- Opening Delimiter -
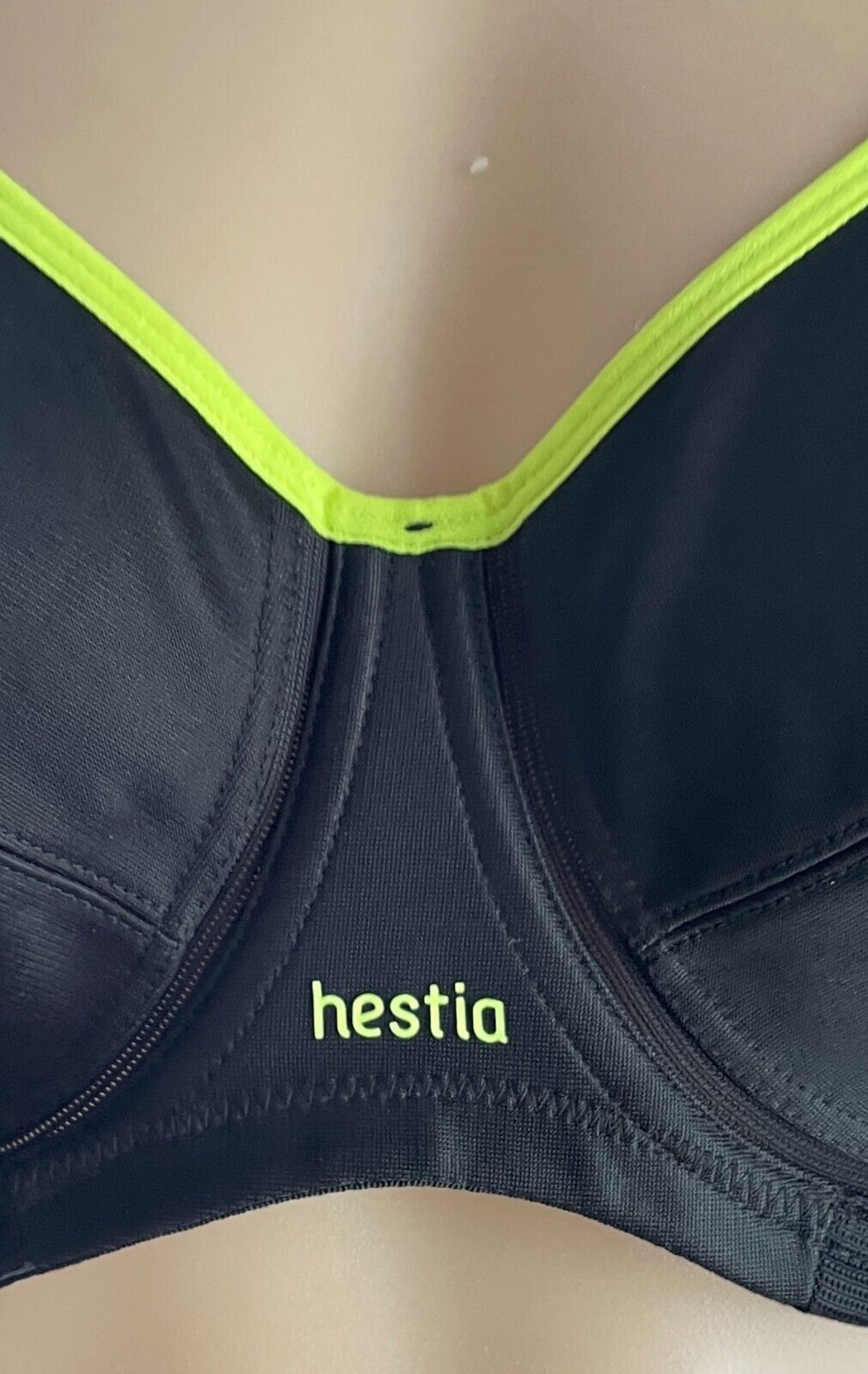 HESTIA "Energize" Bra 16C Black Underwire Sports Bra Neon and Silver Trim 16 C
- Closing Delimiter -
- Opening Delimiter -
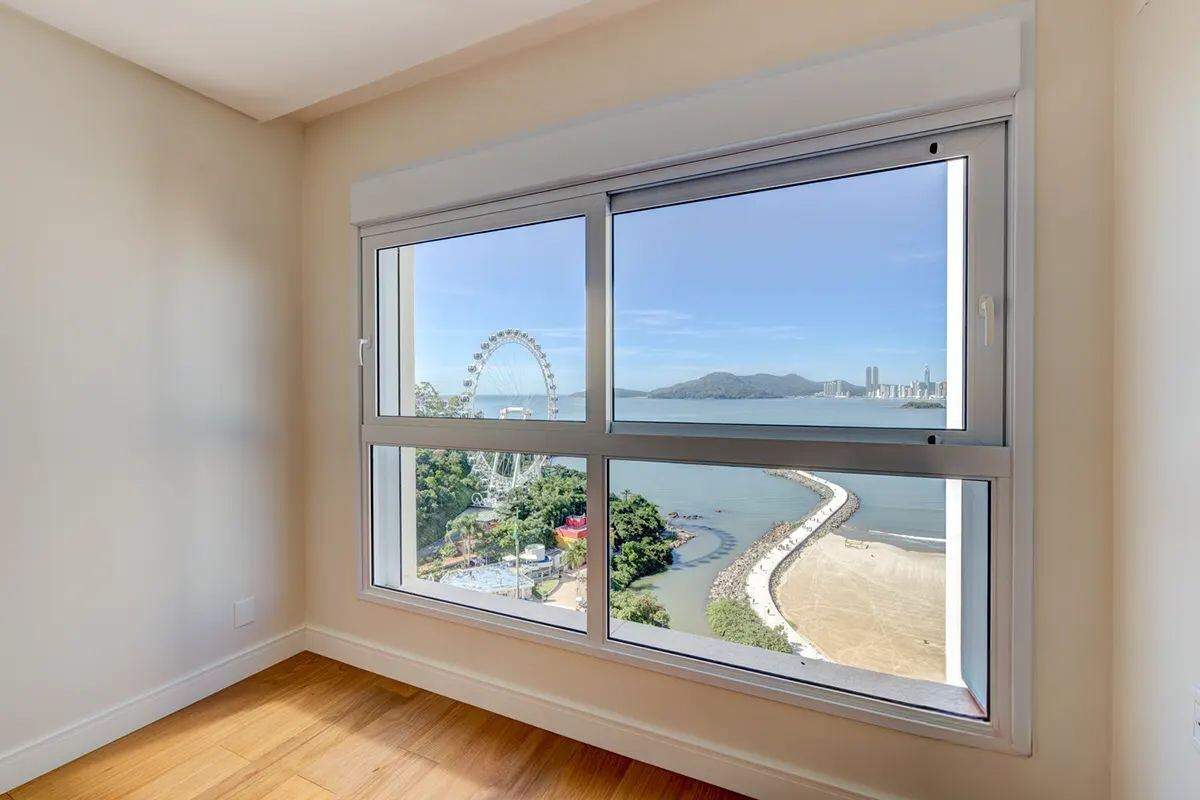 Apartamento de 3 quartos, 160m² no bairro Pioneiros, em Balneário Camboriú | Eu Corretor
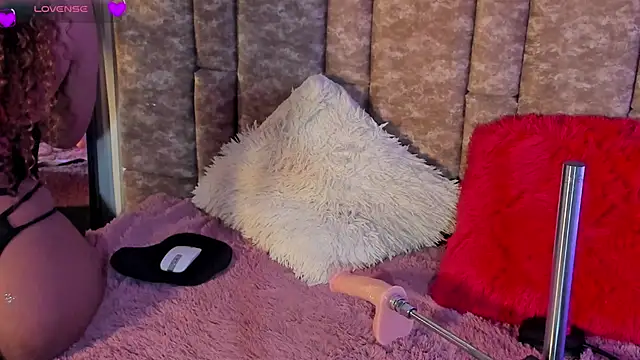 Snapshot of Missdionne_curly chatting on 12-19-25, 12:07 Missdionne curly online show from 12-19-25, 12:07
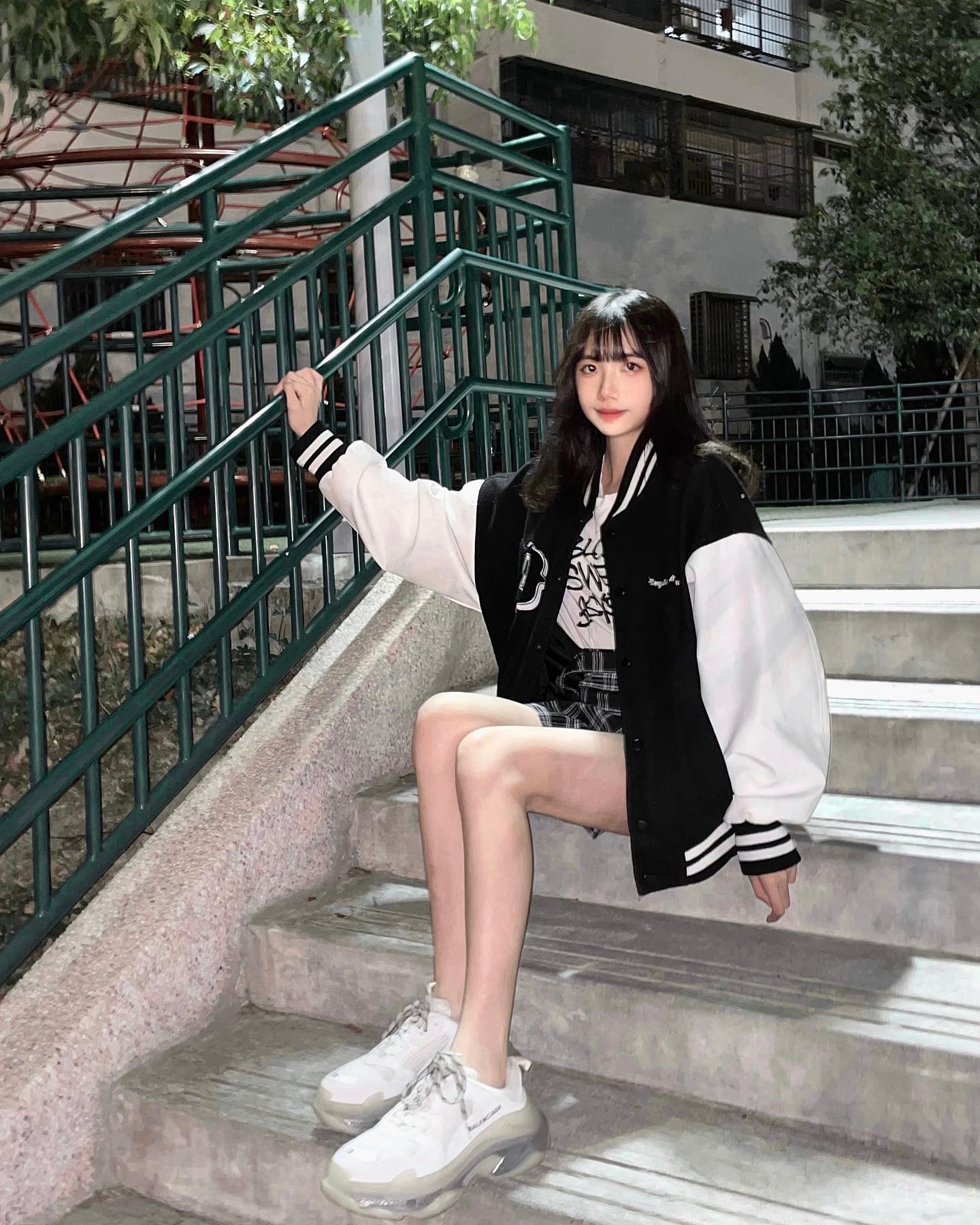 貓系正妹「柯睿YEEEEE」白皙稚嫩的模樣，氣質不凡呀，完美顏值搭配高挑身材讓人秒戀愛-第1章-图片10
- Closing Delimiter -
▸ **TASK BRIEF**
Copy out the lines above from the line containing "Apartamento de 3" through the line containing "貓系正妹「柯睿YEEEEE」", exactly, and keep the pictures out.

▸ **WRITTEN RESPONSE**
 Apartamento de 3 quartos, 160m² no bairro Pioneiros, em Balneário Camboriú | Eu Corretor
 Snapshot of Missdionne_curly chatting on 12-19-25, 12:07 Missdionne curly online show from 12-19-25, 12:07
 貓系正妹「柯睿YEEEEE」白皙稚嫩的模樣，氣質不凡呀，完美顏值搭配高挑身材讓人秒戀愛-第1章-图片10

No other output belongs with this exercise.